M&Aの背景には、単に事業を拡大するだけでなく、既存のお客様の課題をより幅広く解決したいという想いがあります。人材派遣事業とのシナジーを生かし、より包括的なサービスを提供する体制を整えることができました。
—— M&Aによる異なる企業文化の統合には苦労もあったのではないでしょうか?
岡村 特に最初の2年間はカルチャーの違いに苦労しました。最初は事務所を別々に構えていたのですが、「一緒に働く方が良い」と判断し、吸収合併を経て、同じオフィスで同じ組織として働く体制に切り替えました。

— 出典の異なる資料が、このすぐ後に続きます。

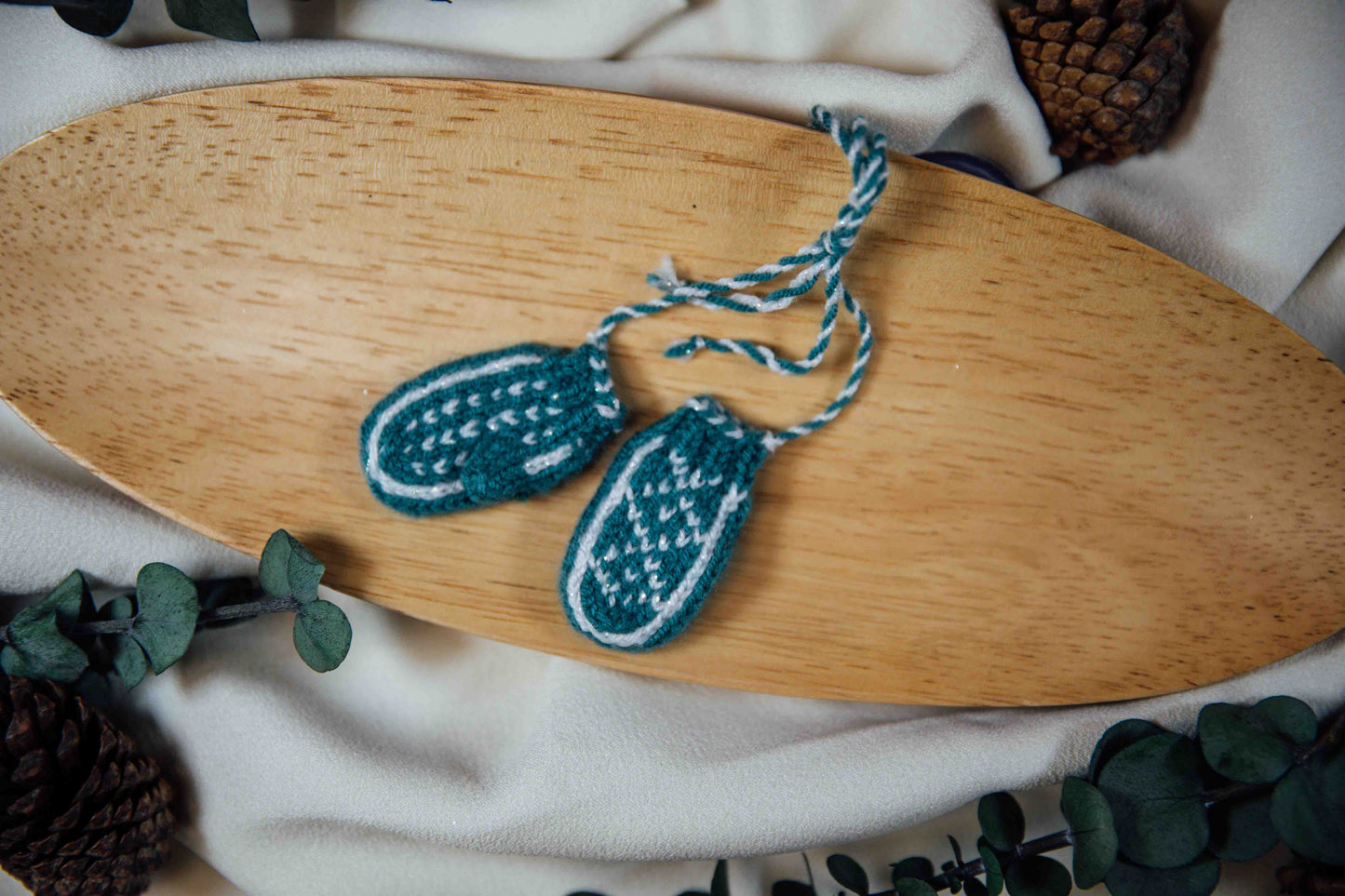Azeri Mittens Ornament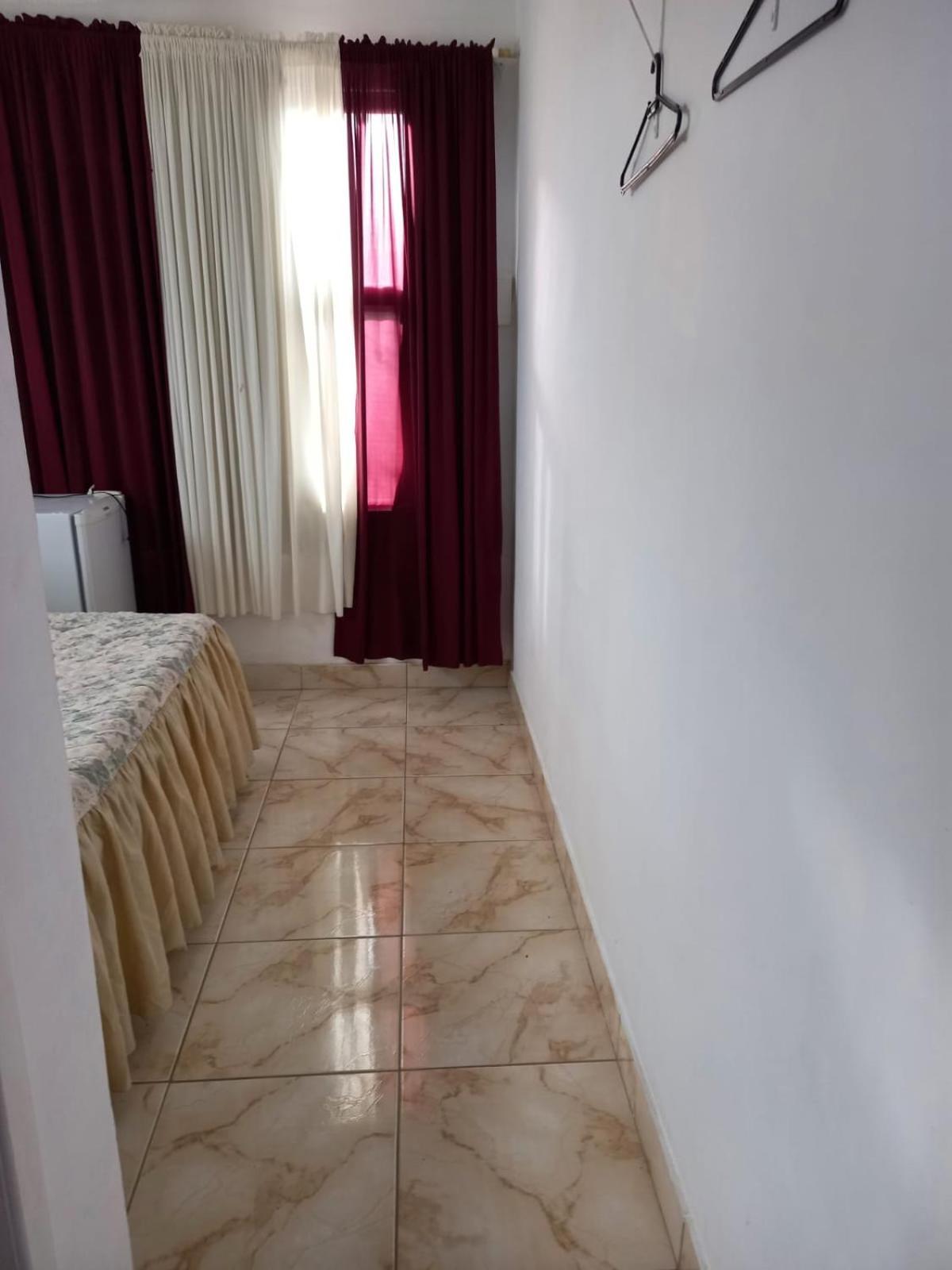 Suites Da Casa Da Dona Zeze ซากวาเรมา ภายนอก รูปภาพ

結果的に、残ってくださった社員も多く、現在では一体感のあるチームとして機能しています。共通の目的を持つことが統合を成功させる鍵だと感じました。
飛躍的な成長を遂げた秘訣
—— 御社が飛躍的な成長を遂げたポイントについてお聞かせください。その秘訣は何でしょうか?
岡村 当社が飛躍的な成長を遂げたと自負するにはまだ道半ばかもしれません。ただ、1つのターニングポイントとして挙げられるのは、「未経験者の採用」です。
設立当初は私自身も未経験でしたから、人材業界の経験者を中心に採用していました。しかし、社員が増え、10数人規模になると経験者の採用が難しくなりました。その時、営業経験はあるものの人材業界未経験の20代を積極的に採用し始めたのです。そこから組織が大きく成長したと感じています。
—— 未経験者を採用することで、組織にどのような変化がありましたか?
岡村 未経験者を採用する利点は、既成概念に縛られない点です。私自身、外資系の保険会社にいた頃、保険業界経験者を採用しない方針を目の当たりにしました。それは、既存の固定観念にとらわれるよりも、新しい視点を持つ人を教育した方が効果的だという考えからでした。
同じように、人材業界でも「人材紹介とはこうあるべきだ」「派遣業はこうだ」という概念に縛られず、柔軟に考えられる人が組織に新しい風を吹き込んでくれました。これが大きな成長につながったのだと思います。
—— 岡村さんご自身のご経験が、そうした採用方針に影響を与えているのですね。では、未経験者を育成する際、特に力を入れている点は何でしょうか?
岡村 私の原点として、保険業界で培った「契約後の付き合い」を重視する姿勢があります。保険営業では契約を結ぶことがゴールになりがちですが、本当に重要なのは契約後にお客様とどう信頼関係を築いていくかです。同じ考え方を人材業界にも適用しています。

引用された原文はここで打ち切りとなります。